Whether you are part of building a modern digital enterprise platform for mid-sized to large insurance companies or part of a startup that distinguishes itself through innovative technologies, you are likely to be hearing about microservices.
Microservices architecture has increasingly become popular and often associated with benefits such as scale, speed of change, ease of integration, fault tolerance and ability to adapt to changing business demands and models. Commitment from digital giants such as Amazon, Netflix, PayPal, eBay, Twitter and Uber, which built and scaled their platforms based on microservices architecture, has galvanized adoption across many industries.
A crucial question is, “How will microservices help insurers design open platforms for building sustainable competitive advantage?”
This four-part blog series will share our views based on our experience in building a modern digital platform using microservices. This first blog will provide a general primer about microservices. The second will share our view on the applicability and strategic potential of microservices for insurance. The third will illustrate best practices and applied principles of designing a microservices-based platform. The final blog will share how our innovative Majesco Digital1st platform will help insurers simplify and accelerate the development of microservices apps.

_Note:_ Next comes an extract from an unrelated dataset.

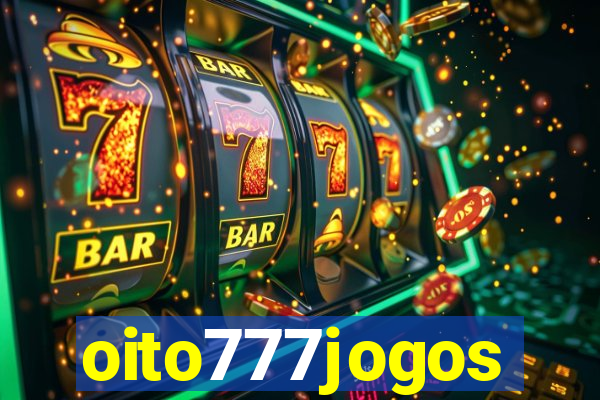 oito777jogos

Let’s start with the basic question, “What are microservices?” You can find the answer through a simple Google search, but let’s explain it in simple terms. Think of a microservice as a micro application that enables a specific granular business function like payment, issue, policy documents, first notice of loss (FNOL), etc. The micro application can be independently deployed and can communicate with other micro applications serving other business functions through a well-defined interface. This approach is in stark contrast to “monolith applications,” such as policy management systems, billing systems and claims systems that work as an aggregation of multiple business functions tightly woven together and must be deployed as a large, monolithic unit.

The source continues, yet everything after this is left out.